Onderzoek: christenjongere Nederland weinig traditioneel
Hoe kan de kerk de jongeren bereiken? Zowel in Leuven als in Amersfoort-Vathorst heeft donderdag een symposium plaats over deze prangende vraag.
Het symposium in Amersfoort wordt georganiseerd door Alpha Nederland –bekend van de Alphacursus– en ontwikkelingsorganisatie World Vision. Ook is er een spreker van het Nederlands-Vlaams Bijbelgenootschap en er is een panelgesprek met tieners.
Op de bijeenkomst, die plaatsvindt in kerkgebouw Kruispunt, wordt een onderzoek gepresenteerd, getiteld ”Open Generation”. Het Amerikaanse bureau Barna onderzocht in 2021 en 2022, in samenwerking met Alpha, World Vision en Biblica, hoe jongeren wereldwijd kijken naar gerechtigheid, Jezus en de Bijbel. In Nederland onderzocht Barna ruim duizend jongeren tussen de 13 en 17 jaar.

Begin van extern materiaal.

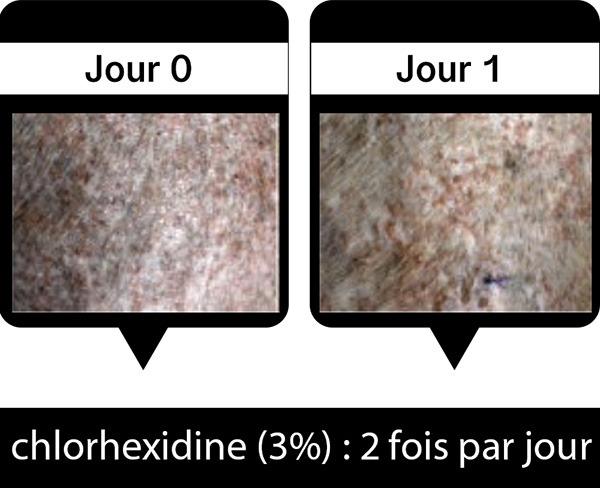 Jour0-Jour1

Van de Nederlandse tieners heeft 6 procent „een persoonlijke keuze gemaakt voor Jezus.” 22 procent identificeert zich wel als christen, maar is „naamchristen”. De resterende bijna driekwart van de jongeren is geen christen. Wereldwijd zijn deze percentages gunstiger voor het christendom: 22 procent van de ruim 25.000 onderzochte jongeren is toegewijd christen, 30 procent naamchristen.
Traditioneel
Opvallend is dat traditionele leerstellingen niet zo populair zijn onder Nederlandse tieners die zich als christen identificeren. 42 procent van hen vindt Jezus betrouwbaar, 59 procent gelooft dat Hij werd gekruisigd, en ongeveer de helft gelooft dat Hij wonderen deed en uit de dood opstond. Ook ervaren toegewijde christelijke jongeren in Nederland minder vreugde in het geloof dan wereldwijd. 41 procent van de Nederlandse christenjongeren ziet de Bijbel als het Woord van God. Anderzijds staat 62 procent van alle Nederlandse tieners open voor de Bijbel.

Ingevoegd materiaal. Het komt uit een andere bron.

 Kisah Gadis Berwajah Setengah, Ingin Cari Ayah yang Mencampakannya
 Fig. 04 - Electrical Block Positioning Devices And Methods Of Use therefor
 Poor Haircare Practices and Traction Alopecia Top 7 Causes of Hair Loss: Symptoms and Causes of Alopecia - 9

Van alle Nederlandse tieners leest 71 procent nooit uit de Bijbel, 18 procent maximaal eens per maand. Onder de christelijke tieners is dit respectievelijk 29 procent en 36 procent. Dat betekent dat 35 procent van de christelijke Nederlandse jongeren de Bijbel vaker dan eens per maand leest. Over het algemeen staan Nederlandse tieners sceptischer tegenover de Bijbel dan tieners wereldwijd.

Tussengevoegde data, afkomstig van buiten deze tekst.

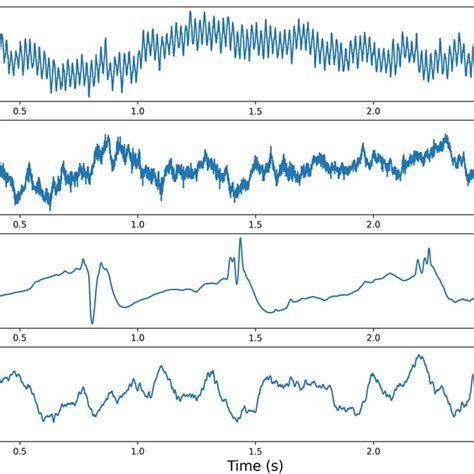 Image result for Encoder/Decoder Architecture Neural Net Image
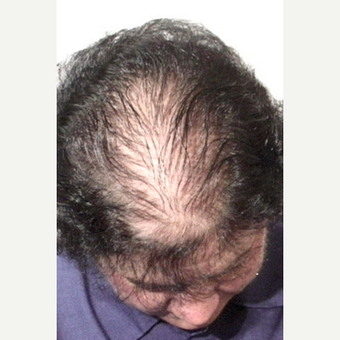 Hair Transplant before 3241467
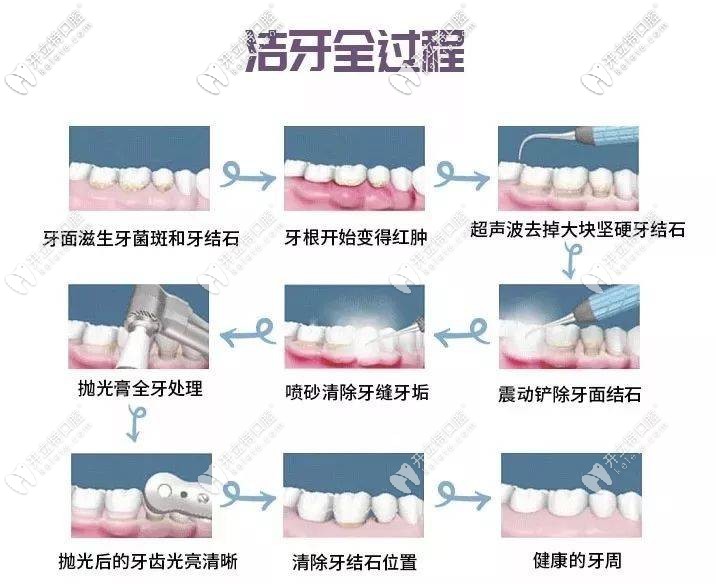 洗牙全過(guò)程圖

Barna vroeg ook van wie jongeren leerden Bijbellezen. Onder jongeren die de Bijbel zien als Gods Woord én de Bijbel meerdere malen per week lezen, geeft 78 procent aan van ouders te hebben geleerd hoe ze de Bijbel moeten lezen, 50 procent van een kerkelijke voorganger, 38 procent van een leraar, 32 procent op een zondagsschool, 34 procent op een Bijbelstudiegroep en 30 procent van een jeugdleider.